Although Mary Oliver is one of America's best-loved poets, not everyone likes her work. A common criticism is the sameness of her poems; if you have read one Oliver poem you have read them all. I suppose there is some truth to that. But I return to my volumes of Oliver poems again and again. I read her as often and with as much pleasure as any other poet.
The very sameness that turns off some readers is the recurring source of my pleasure. Oliver's poems are familiar, yes, but -- paradoxically -- always fresh. What a gift, to never grow tired of the familiar! The owl, the pond, the black bear, the snake. Each day to be awake to a new illumination.
Several years ago the neurologist Oliver Sacks had a piece in the New Yorker about a man -- named Clive Wearing -- who suffered from a complete loss of short term memory, the result of a brain infection. Whatever happened seconds ago was deleted from consciousness. Every moment was as if he was waking for the first time.
Wearing's malady is tragic and heartbreaking, akin to death, as he himself seems to recognize. But the opposite extreme is deathlike too: Being so inured to the familiar that memory is like a vise on one's sense of wonder.
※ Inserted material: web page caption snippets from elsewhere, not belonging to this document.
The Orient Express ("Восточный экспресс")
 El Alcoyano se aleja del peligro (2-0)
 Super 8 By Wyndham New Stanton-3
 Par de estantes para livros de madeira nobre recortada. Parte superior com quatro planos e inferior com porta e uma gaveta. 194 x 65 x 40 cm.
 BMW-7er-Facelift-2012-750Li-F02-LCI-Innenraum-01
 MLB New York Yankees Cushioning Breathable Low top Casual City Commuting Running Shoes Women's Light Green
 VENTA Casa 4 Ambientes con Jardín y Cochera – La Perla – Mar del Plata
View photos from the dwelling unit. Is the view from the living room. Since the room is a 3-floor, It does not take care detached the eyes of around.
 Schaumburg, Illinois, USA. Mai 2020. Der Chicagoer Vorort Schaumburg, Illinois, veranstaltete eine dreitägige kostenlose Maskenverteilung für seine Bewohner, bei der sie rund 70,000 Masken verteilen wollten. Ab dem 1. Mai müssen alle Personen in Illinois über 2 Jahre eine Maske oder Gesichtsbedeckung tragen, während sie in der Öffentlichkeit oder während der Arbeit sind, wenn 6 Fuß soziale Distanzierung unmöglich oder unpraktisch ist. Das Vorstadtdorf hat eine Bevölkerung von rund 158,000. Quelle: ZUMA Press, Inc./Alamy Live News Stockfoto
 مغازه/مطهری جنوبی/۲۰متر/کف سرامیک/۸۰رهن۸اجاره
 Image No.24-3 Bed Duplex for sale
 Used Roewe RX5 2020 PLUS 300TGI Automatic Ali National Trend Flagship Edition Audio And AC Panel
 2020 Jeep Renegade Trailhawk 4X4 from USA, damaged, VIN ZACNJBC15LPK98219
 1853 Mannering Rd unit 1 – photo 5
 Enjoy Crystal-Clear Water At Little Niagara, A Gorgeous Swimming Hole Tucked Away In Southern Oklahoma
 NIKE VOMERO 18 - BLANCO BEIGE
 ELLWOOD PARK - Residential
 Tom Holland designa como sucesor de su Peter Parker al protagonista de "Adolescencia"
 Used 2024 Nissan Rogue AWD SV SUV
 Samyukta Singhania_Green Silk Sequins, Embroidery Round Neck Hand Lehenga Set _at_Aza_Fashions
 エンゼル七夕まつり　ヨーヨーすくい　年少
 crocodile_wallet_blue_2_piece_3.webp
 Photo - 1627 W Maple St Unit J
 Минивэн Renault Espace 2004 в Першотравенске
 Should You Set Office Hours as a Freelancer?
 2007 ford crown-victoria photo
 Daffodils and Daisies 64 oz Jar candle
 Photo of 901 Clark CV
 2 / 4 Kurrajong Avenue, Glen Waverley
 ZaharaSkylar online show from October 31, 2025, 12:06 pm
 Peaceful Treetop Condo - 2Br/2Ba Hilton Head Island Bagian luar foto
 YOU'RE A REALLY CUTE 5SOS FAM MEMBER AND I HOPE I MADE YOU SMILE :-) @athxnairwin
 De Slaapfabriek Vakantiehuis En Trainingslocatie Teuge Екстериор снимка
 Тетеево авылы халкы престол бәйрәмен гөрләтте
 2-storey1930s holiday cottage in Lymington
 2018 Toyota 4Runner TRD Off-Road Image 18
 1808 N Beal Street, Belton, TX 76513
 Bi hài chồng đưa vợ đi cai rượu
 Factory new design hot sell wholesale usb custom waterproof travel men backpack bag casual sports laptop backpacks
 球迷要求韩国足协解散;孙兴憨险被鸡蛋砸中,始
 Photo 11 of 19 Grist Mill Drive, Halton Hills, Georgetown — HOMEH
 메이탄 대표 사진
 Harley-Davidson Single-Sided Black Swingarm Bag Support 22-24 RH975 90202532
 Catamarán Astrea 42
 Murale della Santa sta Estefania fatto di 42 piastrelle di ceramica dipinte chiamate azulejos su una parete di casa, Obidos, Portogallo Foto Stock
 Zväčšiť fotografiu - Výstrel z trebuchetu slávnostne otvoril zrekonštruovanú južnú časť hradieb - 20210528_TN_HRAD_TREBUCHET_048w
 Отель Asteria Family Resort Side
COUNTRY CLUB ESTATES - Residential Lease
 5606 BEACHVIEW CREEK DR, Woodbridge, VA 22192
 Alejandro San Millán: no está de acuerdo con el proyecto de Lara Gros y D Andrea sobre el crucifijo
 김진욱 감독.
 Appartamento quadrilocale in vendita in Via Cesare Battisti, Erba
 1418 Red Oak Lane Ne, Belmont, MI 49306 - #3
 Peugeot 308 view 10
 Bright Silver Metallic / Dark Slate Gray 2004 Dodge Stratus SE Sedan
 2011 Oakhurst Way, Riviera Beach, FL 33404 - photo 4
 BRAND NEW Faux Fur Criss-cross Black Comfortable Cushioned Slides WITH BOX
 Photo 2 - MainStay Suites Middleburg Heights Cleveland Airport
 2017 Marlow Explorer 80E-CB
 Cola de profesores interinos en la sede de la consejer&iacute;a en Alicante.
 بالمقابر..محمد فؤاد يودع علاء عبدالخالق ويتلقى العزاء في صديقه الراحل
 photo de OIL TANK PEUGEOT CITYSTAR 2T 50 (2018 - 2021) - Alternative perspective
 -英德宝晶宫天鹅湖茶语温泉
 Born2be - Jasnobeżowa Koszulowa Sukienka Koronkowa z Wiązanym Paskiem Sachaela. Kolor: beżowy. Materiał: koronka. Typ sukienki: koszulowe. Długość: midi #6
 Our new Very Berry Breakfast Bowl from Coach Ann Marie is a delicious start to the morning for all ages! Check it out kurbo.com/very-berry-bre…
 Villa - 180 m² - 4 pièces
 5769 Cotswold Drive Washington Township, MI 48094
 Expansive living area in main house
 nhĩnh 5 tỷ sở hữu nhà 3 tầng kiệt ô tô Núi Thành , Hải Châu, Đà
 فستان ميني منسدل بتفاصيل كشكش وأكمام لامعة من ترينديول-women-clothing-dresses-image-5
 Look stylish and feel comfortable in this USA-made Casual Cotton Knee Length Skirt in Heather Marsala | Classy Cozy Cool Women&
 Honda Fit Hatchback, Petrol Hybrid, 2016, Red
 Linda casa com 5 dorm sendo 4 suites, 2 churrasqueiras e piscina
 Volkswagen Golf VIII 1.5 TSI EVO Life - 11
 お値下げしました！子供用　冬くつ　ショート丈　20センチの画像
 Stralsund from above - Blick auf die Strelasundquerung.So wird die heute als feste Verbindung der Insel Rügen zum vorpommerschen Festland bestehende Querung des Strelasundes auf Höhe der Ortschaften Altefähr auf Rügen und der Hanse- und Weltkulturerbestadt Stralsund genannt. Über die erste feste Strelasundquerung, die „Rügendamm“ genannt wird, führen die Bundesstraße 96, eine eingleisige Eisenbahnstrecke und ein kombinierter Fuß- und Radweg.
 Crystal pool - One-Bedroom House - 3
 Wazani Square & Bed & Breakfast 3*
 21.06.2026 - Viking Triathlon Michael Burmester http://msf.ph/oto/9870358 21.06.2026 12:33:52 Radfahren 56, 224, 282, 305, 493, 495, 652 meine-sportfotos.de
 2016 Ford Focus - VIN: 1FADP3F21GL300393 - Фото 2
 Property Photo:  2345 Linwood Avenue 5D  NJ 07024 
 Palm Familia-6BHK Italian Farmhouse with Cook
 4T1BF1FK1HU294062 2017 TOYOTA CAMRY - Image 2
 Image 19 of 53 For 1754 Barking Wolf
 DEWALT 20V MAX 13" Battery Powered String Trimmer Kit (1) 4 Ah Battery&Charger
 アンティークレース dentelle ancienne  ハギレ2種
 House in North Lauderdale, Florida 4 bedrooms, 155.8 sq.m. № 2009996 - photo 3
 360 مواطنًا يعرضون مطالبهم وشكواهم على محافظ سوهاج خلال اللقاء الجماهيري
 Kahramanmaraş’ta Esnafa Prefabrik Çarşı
Every time one opens one's eyes, it's the same old same old.
Mary Oliver's memory is intact. The same old same old is a treasured embroidery to which she adds each day more gorgeous stitches, a work in progress. She stands on the shore of Blackwater Pond, say, where she has stood a hundred times before, and she sees the white heron, or the fireflies, or some other radiance that lights up the familiar with something breathtakingly new.
That's why I keep coming back to Oliver: to be tutored in the art of seeing afresh. She has the capacity to trot out the familiar again and again -- always decked in new particulars. Isn't that what it's all about?